WHAT THE TASK REQUIRES:
Reproduce exactly the line with "Mosca, Russia - 1" and every line that follows it below, up to and including the last one. Do not include pictures or anything else.

DATA BLOCK:

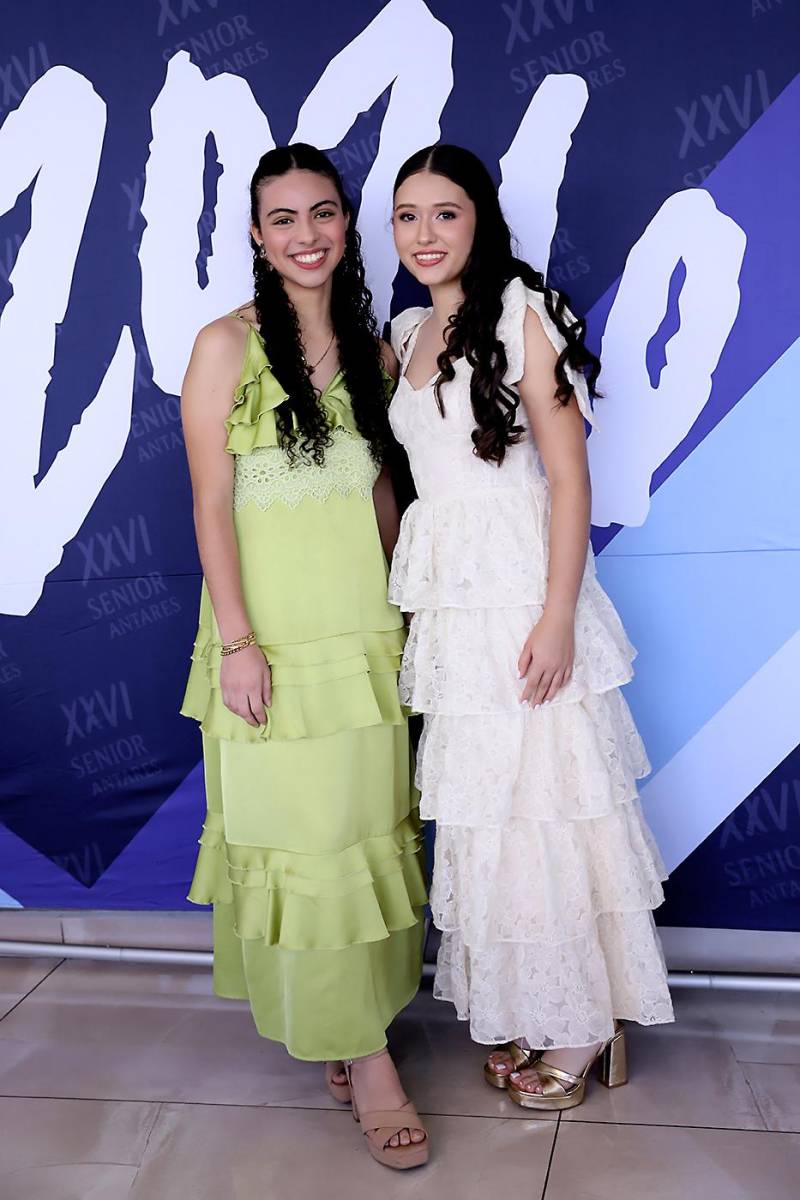 Paulina Ávila y Katya Bobadilla.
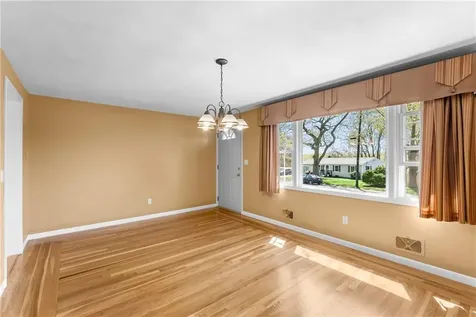 91 Hilton Road Warwick RI 02889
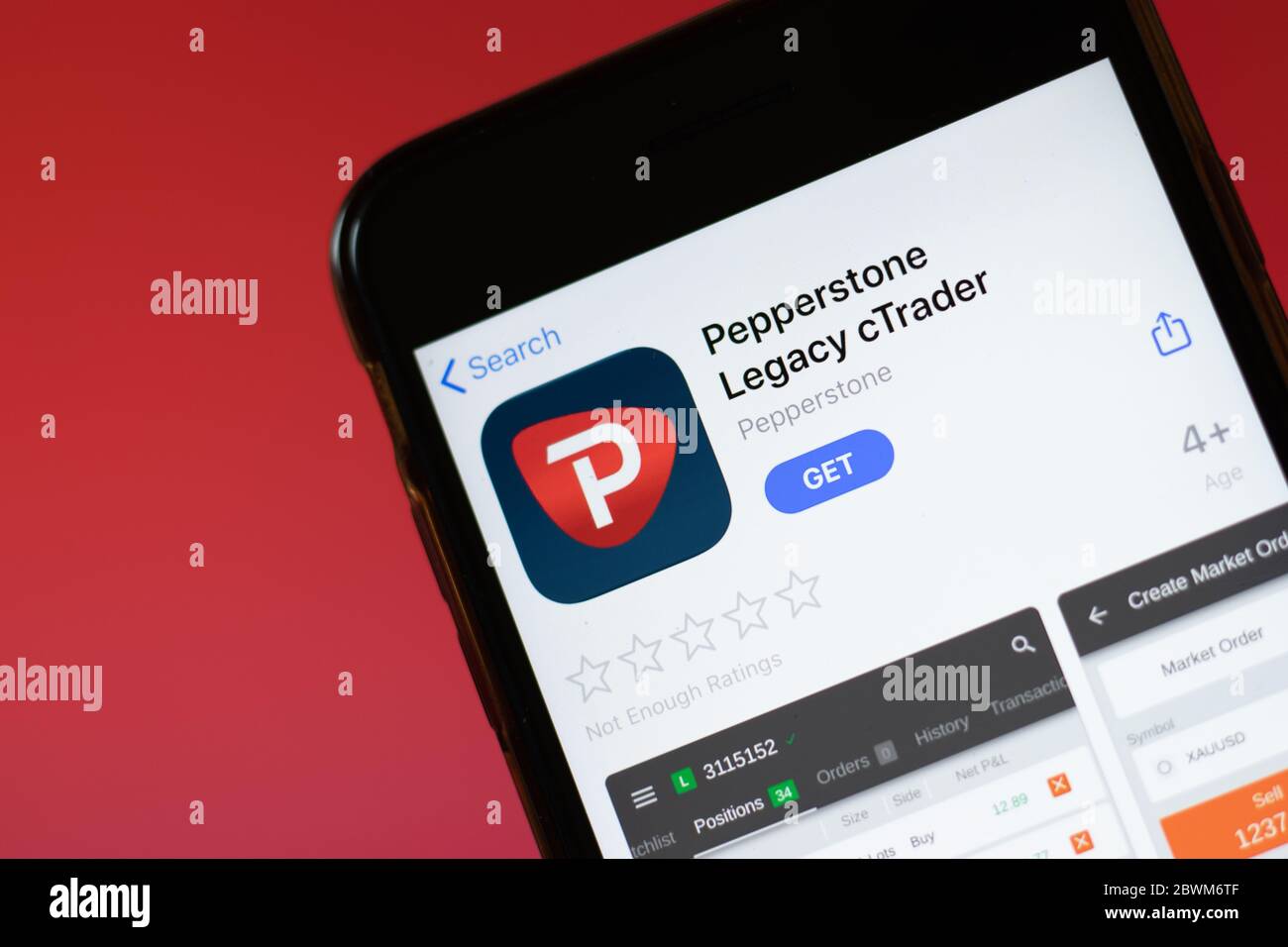 Mosca, Russia - 1 Giugno 2020: Pepperstone Legacy cTrader app mobile logo primo piano su schermo, editoriale illustrativo. Foto Stock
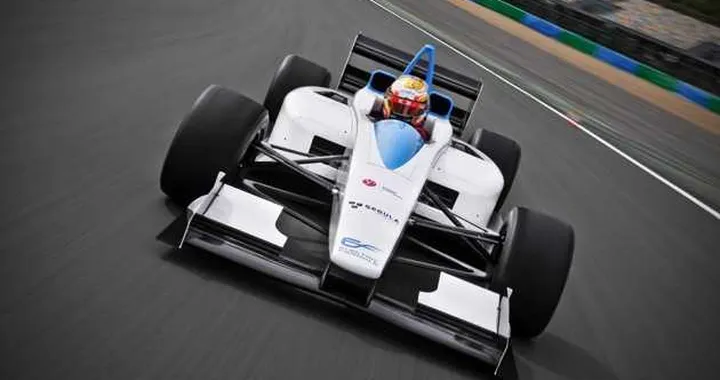 Formula Uno elettrica, al via le iscrizioni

TASK RESULT:
 Mosca, Russia - 1 Giugno 2020: Pepperstone Legacy cTrader app mobile logo primo piano su schermo, editoriale illustrativo. Foto Stock
 Formula Uno elettrica, al via le iscrizioni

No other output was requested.